RECALLING AN INCIDENT IN AN OAKLAND COUNTY PARKING LOT
I know I have talked about this once before and my knuckles still itch from making contact with the flesh-covered bone of another human being. And I also know that I wish that Tyler Clementi had someone he knew that he could go to, rather than take that lonely walk on the George Washington Bridge. Sometimes, the pain is too great and it was that pain that pushed him beyond reason.
The kids that set him up, I don't know too much about them other than they are young, from what I consider repressive cultures, and, I think, lacking in any sensitivity or maturity. Not surprising, considering their age. Even giving them that, you would think that they would have enough respect for person NOT to do what they did.
As upset as I am with Dharun Ravi and Molly Wei, I am not all that surprised by what they did. Though I was trying to be a young soldier at their age, when I finally walked unto a college campus, I did not see much difference in the atmosphere. I wonder how many people who are trying to seek a harsher punishment by adding the hate crime enhancer to their criminal act, did not themselves do or know of some equally crappy kind of act, to someone with one degree of separation.
The reason that I brought up my retaliatory assault on the football player who hit on my darling brother, is that I know by having someone who was not only comfortable and non-judgemental about his sexuality (our family, save bat-sh*t crazy Jan), he knew that he could come home and that he would have support. Could it have been that not everyone was as completely comfortable with Tyler at home, that he did not think of first calling a family member and sharing his pain and hurt with them? Hey, I am jus' sayin'... cause if someone I know and love let me know someone had did something like that to them...
As far as the perpetrators, I am so like, 'come on'. I don't think the enhancement was meant for this kind of case, I really don't. What they did was terrible and showed how little lack of judgement that even the most academically successful person can have (unlike the blissful stupidity of many in the Tea Bag movement... that is SO another story and over at Nutwood, you would get a better fix on how banal the Tea Baggers can be).
AND I WILL BE TAKING MINE TO GO, IF YOU DON'T MIND
Did I mention that I will be leaving for Omaha the weekend of the 9th-10th of October.
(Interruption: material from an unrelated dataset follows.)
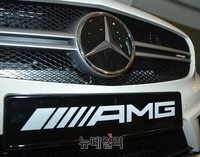 [포토] 최고시속250km/h 벤츠 A45 AMG 어떻게 생겼나?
I will be going to the Amtrak station in Dearborn to make sure I read everything on the web site correctly about shipping my bike. I already have a box and they will take it along with me for only $10?? Can't beat that with a peppermint stick!!
I have ridden trains in Europe and in Korea, but not in the US. They will let my bags come with me for free and even if I were to bring more, the fees are more than reasonable. The convenience factor over a bus ride is pretty much negligble, a few more dollars saved but a less than desired arrival tme. Eh, no big whoop.
Riding around the 'slums of Beverly Hills' and going past spots in Berkley and Royal Oak, fuels specualtion within me that maybe I should stay here, in the Metro proper. Not only that, the sites that I subscribe to for roommates have sent several potential places, in the Motor as well as in the surrounding suburbs, that if the chemistry was there, that they would make a good fit.
Another reason that plays a part in my indecision has been the realization that the Motor looks a lot better to me with one twin getting married in Chicago and the other making a life out of the military. Jan and I were never on real good speaking terms so we will continue to not speak to each other, even after our paths cross at the twins' wedding wedding in November. As long as I care to remember, I have believed that I had to leave to make a life that I wanted. But now I am like, 'what is my motivation?' I really believe that the Metro is going to come back, not like it was but it will be a better place to live.
Riding around and through the different neighborhoods, the word 'gritty' comes to mind because I go by a block with several dilapitdated house and then there is a well-kept house with a manicured lawn. Someone has decided that they will draw the line and be the change that they want for the city. Though I would not want to live inside of the city, I could spot up in any number or the inner ring cities adjacent to Detroit.
SO REALLY... WHAT IS MY MOTIVATION
We don't communicate as well as I would like, Nebraska and I. I am not sure why it bothers me other than the obvious... that we are not going to get along as well as may have been hoped for, but one of the things that does crop up is 'my formula for happiness' (hint, hint, it should be the first quote!). This expectation of mine, that things will 'fall in order' is not some obtuse wish made to an unknown force to in some way aid me. It is more like a mission statement.
Well, it is WAY past my bedtime!! And I have a fitness post for later on in the day over at my other blog. Peace out, y'all!!